Gary Zimmerman

No. 65
- Position: Offensive tackle

Personal information
- Born: December 13, 1961 (age 64) Fullerton, California, U.S.
- Listed height: 6 ft 6 in (1.98 m)
- Listed weight: 294 lb (133 kg)

Career information
- High school: Walnut (Walnut, California)
- College: Oregon (1980–1983)
- Supplemental draft: 1984: 1st round, 3rd overall pick

Career history
- Los Angeles Express (1984–1985); Minnesota Vikings (1986–1992); Denver Broncos (1993–1997);

Awards and highlights
- Super Bowl champion (XXXII); 3× First-team All-Pro (1987, 1988, 1996); 2× Second-team All-Pro (1993, 1995); 7× Pro Bowl (1987–1989, 1992, 1994–1996); NFL 1980s All-Decade Team; NFL 1990s All-Decade Team; 50 Greatest Vikings; Denver Broncos Ring of Fame; Morris Trophy (1983); 2× USFL All-Star (1984, 1985); USFL All-Time Team; First-team All-American (1983); First-team All-Pac-10 (1983);

Career NFL statistics
- Games played: 184
- Games started: 184
- Fumble recoveries: 4
- Stats at Pro Football Reference
- Pro Football Hall of Fame

= Gary Zimmerman =

American football player (born 1961)

Gary Wayne Zimmerman (born December 13, 1961) is an American former professional football player who was a Hall of Fame offensive tackle in the National Football League (NFL) and United States Football League (USFL). He earned a Super Bowl ring with the Denver Broncos (Super Bowl XXXII).

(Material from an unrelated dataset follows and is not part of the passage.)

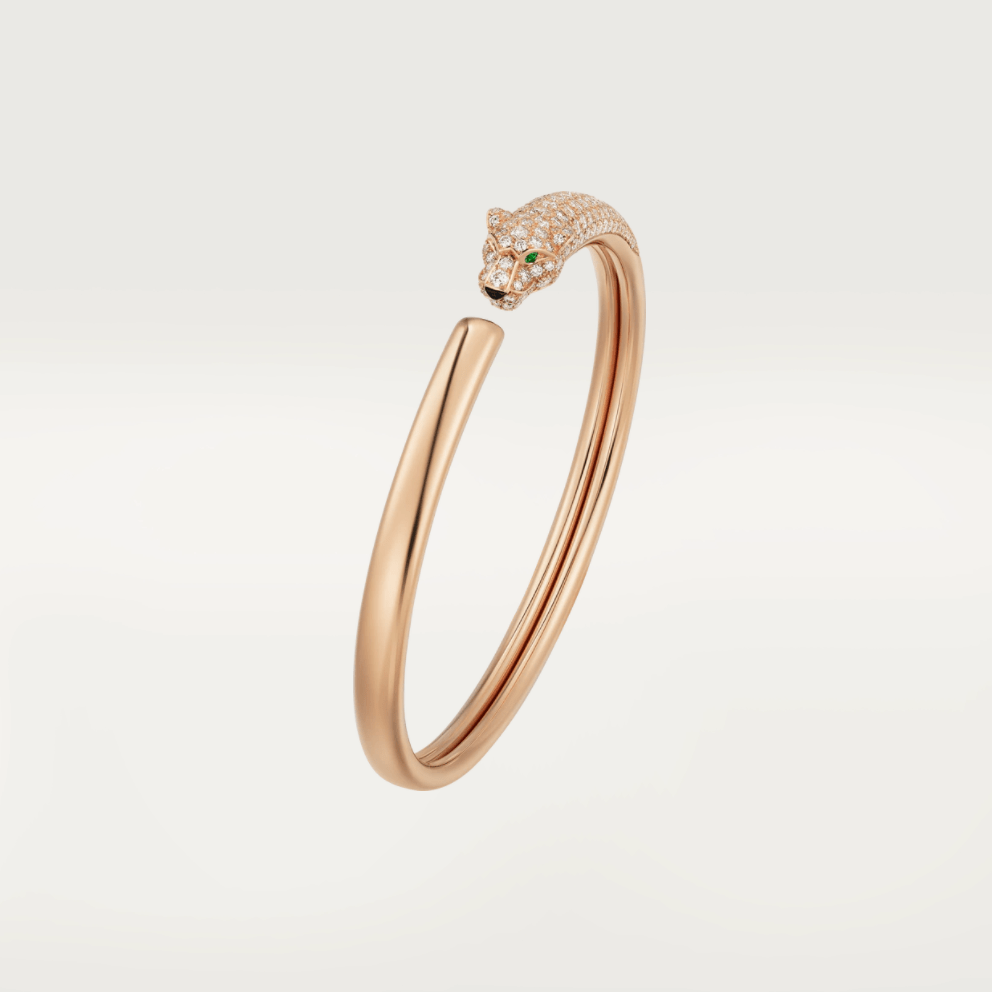[Elowen jewels ]PANTHERE ROSE GOLD DIAMOND OPEN BRACELET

Zimmerman was born in Fullerton, California and played scholastically at Walnut High School in the San Gabriel Valley of California. He played collegiately at Oregon, and was a first-team All-American as a senior. He was inducted into the Oregon Sports Hall of Fame in 2002.

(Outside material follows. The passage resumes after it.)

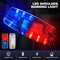 USB Rechargeable LED Police Light Shoulder Lamp Red & Blue Emergency Warning Torch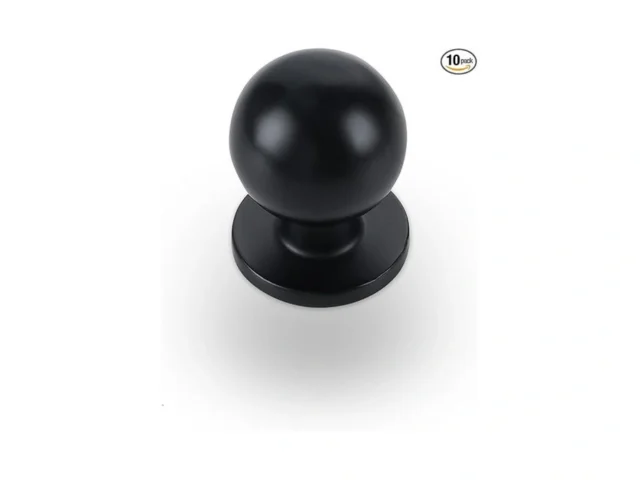 Giyuro 10 Pack Kitchen Cabinet Knobs Matte Black… Coupon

Zimmerman played for the Minnesota Vikings from 1986 to 1992 and for the Denver Broncos from 1993 to 1997. He won Super Bowl XXXII with the Broncos against the Green Bay Packers. He was selected to the Pro Bowl seven times and was an All-Pro selection eight times. He was inducted into the Pro Football Hall of Fame in 2008.

==Professional career==

===Los Angeles Express===
In 1984, Zimmerman was drafted in the second round (36th overall) by the Los Angeles Express in the 1984 USFL draft. He subsequently signed with the Express on February 13, 1984, and went on to play in 17 games that season, starting all 17 at left tackle. His Express teammate was future Pro Football Hall of Famer, QB Steve Young. The Express lost in the USFL Semi-Finals to the Arizona Wranglers to end a 10–8 regular season. In 1985, Zimmerman suited up again with the Express, playing in 18 games (starting 17) with a 3-15 club that ended up out of the USFL playoff picture.

===Minnesota Vikings===
After the USFL folded in August 1986, Zimmerman joined the Minnesota Vikings after they obtained his rights from the New York Giants who drafted him in the 1984 NFL Supplemental Draft of USFL and CFL Players.

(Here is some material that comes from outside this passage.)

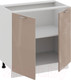 Миниатюра изображения товара Шкаф-стол кухонный ТриЯ Весна 1Н8 (белый/кофе с молоком)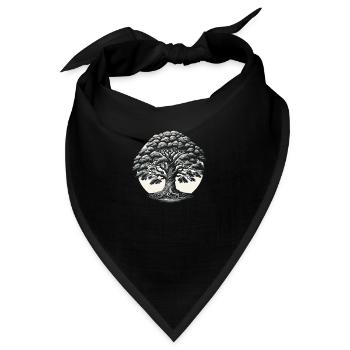 Ewiger Baum der Weisheit - Bandana - Schwarz - Vorne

During his time in the NFL, Zimmerman was famous for his refusal to interact with the media. This disdain for the sports press came about due to an early incident in his NFL career, after comments made by Zimmerman (which stated both the offense and defense didn't play well enough) were construed to be comments that the defense didn't play well enough that led to teammates ostracizing him for speaking ill of his teammates' performance; this led Zimmerman to decide to boycott the sports media as a result, refusing to do interviews or engage in any sort of interaction with them for the rest of his career.

===Denver Broncos===
Zimmerman ultimately left the Vikings for the Broncos in 1993, and stayed with the team from 1993 to 1997. He would be part of the team's first Super Bowl-winning squad, winning the game in 1997 and was "in spirit" for the 1998 season. Arriving as the veteran player in 1993 to an offense that was made up of mostly rookies, Zimmerman became the de facto leader of the Broncos offensive line on and off the field. Zimmerman started the Denver offensive line tradition of not speaking to the media. It became a long running tradition that would continue on a full decade after his retirement in 1997. In 2007 the NFL created “The Broncos O-line rule" in response, requiring all players to talk to the media.

He played in 184 NFL games, starting 169 of them.

On February 2, 2008, he was elected to the Pro Football Hall of Fame.

Zimmerman joins Reggie White, Sam Mills, Steve Young, Jim Kelly, Marv Levy, George Allen, Bill Polian, and Sid Gillman as former USFL/AFL league members who are enshrined in the Pro Football Hall of Fame.